* _Directions_: From the line containing "Hopaspor takım otobüsüne taşlı saldırı" through the last line of the entries below, transcribe each line exactly, excluding any picture.

*** Data records Section Begins ***

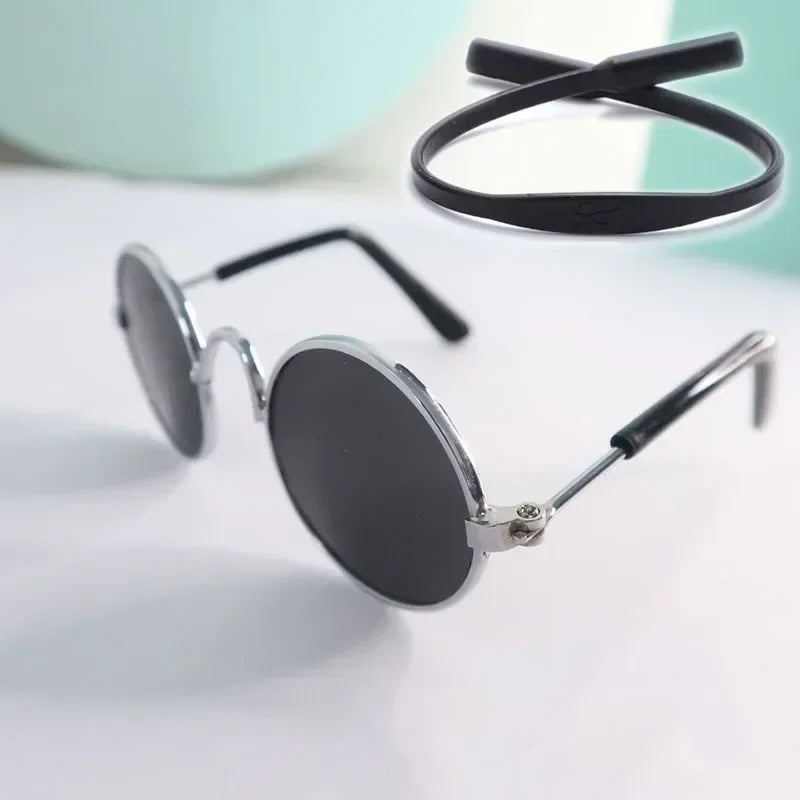 Cute Pet Sunglasses – UV Protection for Small Dogs, Cats & Photo Props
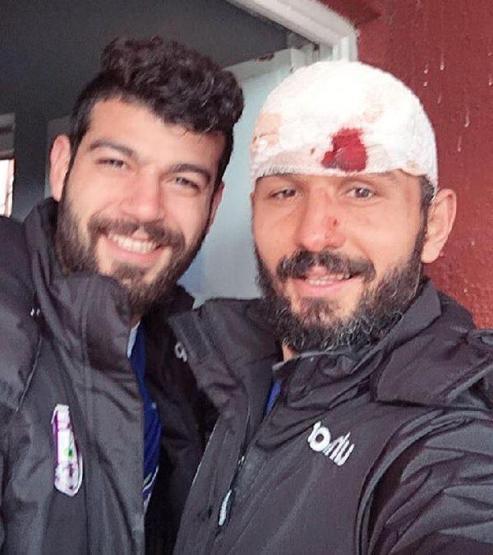Hopaspor takım otobüsüne taşlı saldırı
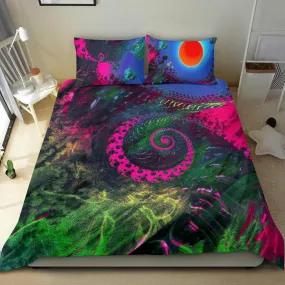 Fractalscape Sunrise | Bedding Set | Makroverset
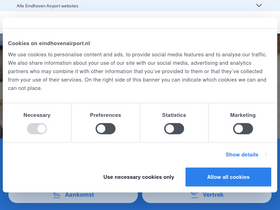 'eindhovenairport.nl' screenshot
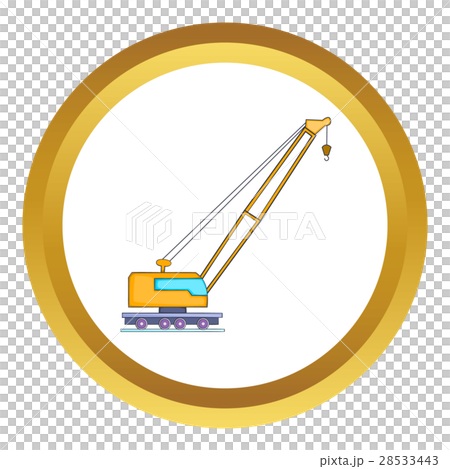 High crane vector icon 28533443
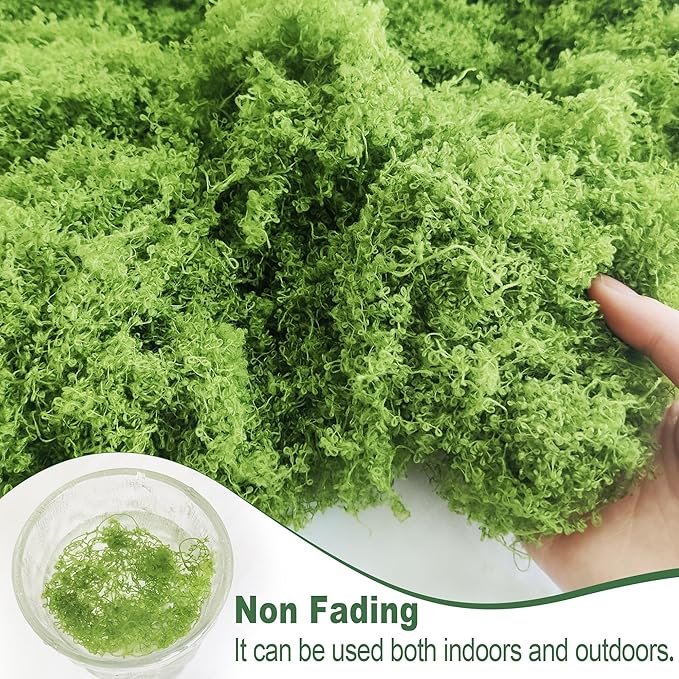 Artificial Moss Lawn Grass Plant Decoration Landscape Bonsai Paving Simulated Carpet Dark Green Moss Turf Grass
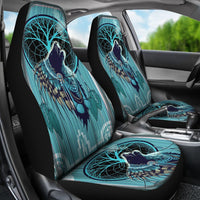 Native American Indian Wolf 3D Car Seat Covers LT10 - Wonder Print Shop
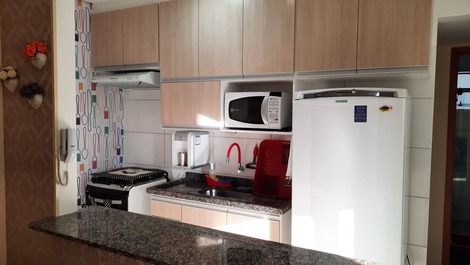 Cozinha bem equipada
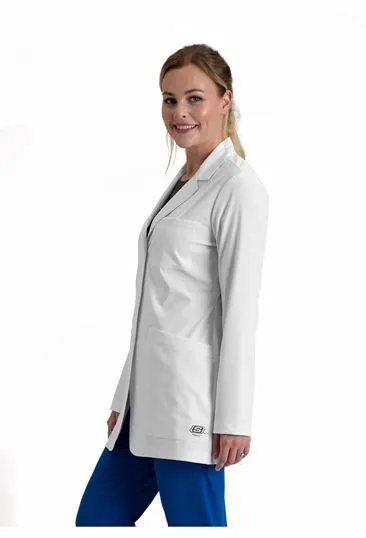 Skechers Womens 30"  Antimicrobial 4-Way Stretch Three Pocket Lab Coat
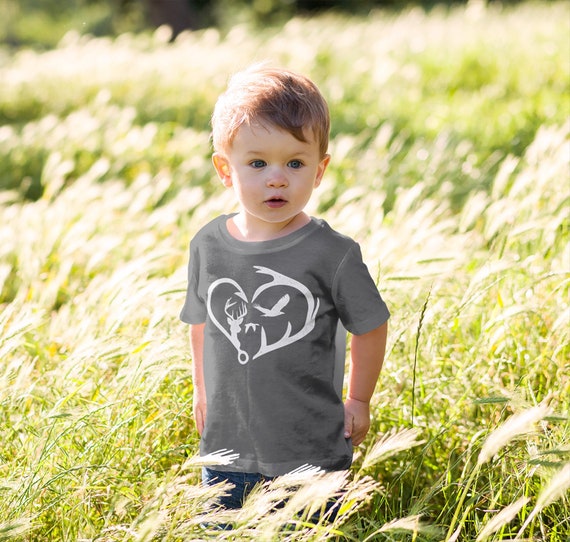Kids Hunting T Shirt Fisherman Shirt 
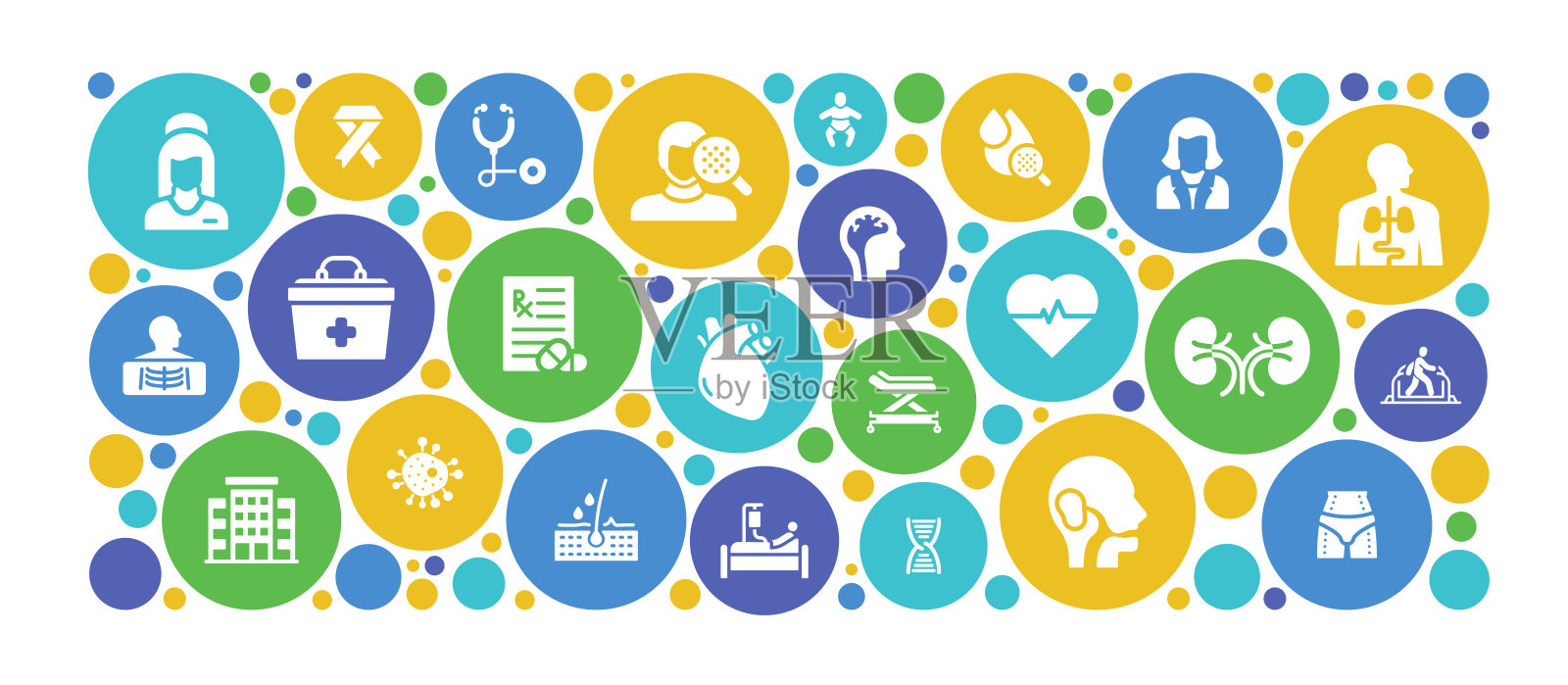 医疗保健和医疗相关的模式设计插画图片素材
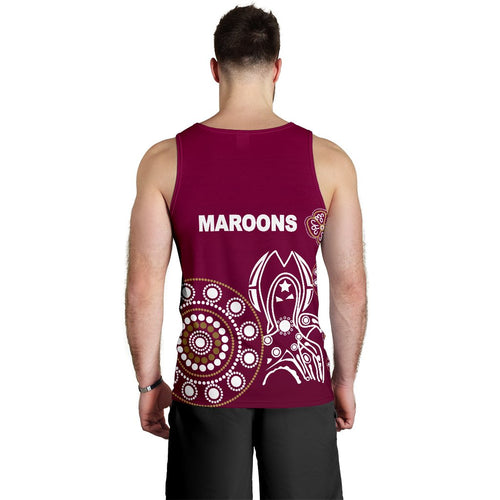 queensland-mens-tank-top-maroons-simple-indigenous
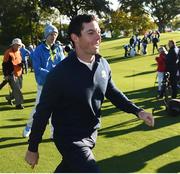 27 September 2016; Rory McIlroy of Europe after the team photocalls at The 2016 Ryder Cup Matches at the Hazeltine National Golf Club in Chaska, Minnesota, USA. Photo by Ramsey Cardy/Sportsfile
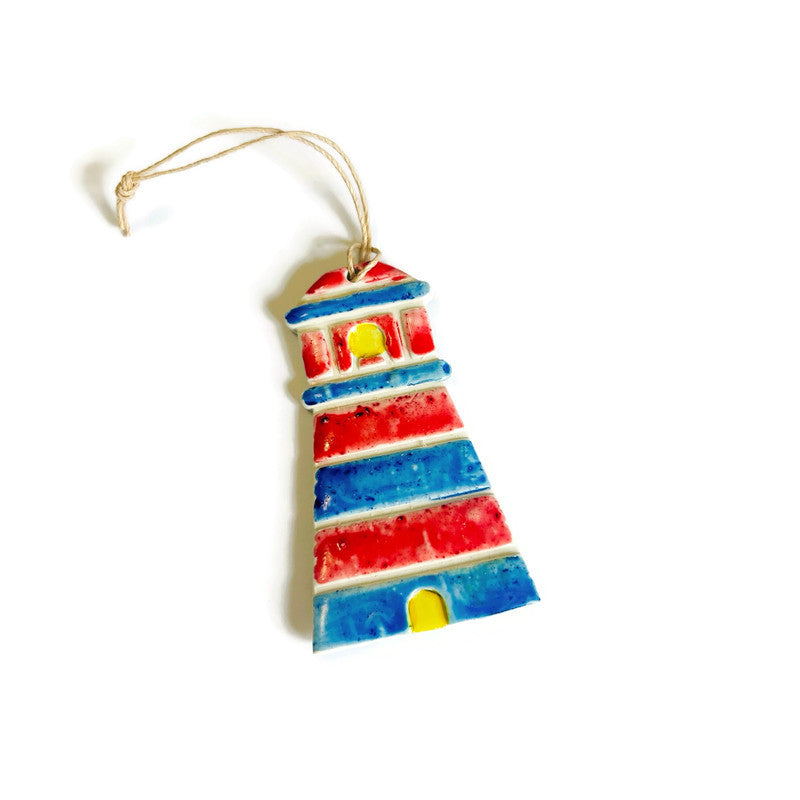 Painted Lighthouse Magnet Handmade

*** Data records Section Ends ***

* _Output of the exercise_:
Hopaspor takım otobüsüne taşlı saldırı
 Fractalscape Sunrise | Bedding Set | Makroverset
 'eindhovenairport.nl' screenshot
 High crane vector icon 28533443
 Artificial Moss Lawn Grass Plant Decoration Landscape Bonsai Paving Simulated Carpet Dark Green Moss Turf Grass
 Native American Indian Wolf 3D Car Seat Covers LT10 - Wonder Print Shop
 Cozinha bem equipada
 Skechers Womens 30"  Antimicrobial 4-Way Stretch Three Pocket Lab Coat
Kids Hunting T Shirt Fisherman Shirt 
 医疗保健和医疗相关的模式设计插画图片素材
 queensland-mens-tank-top-maroons-simple-indigenous
 27 September 2016; Rory McIlroy of Europe after the team photocalls at The 2016 Ryder Cup Matches at the Hazeltine National Golf Club in Chaska, Minnesota, USA. Photo by Ramsey Cardy/Sportsfile
 Painted Lighthouse Magnet Handmade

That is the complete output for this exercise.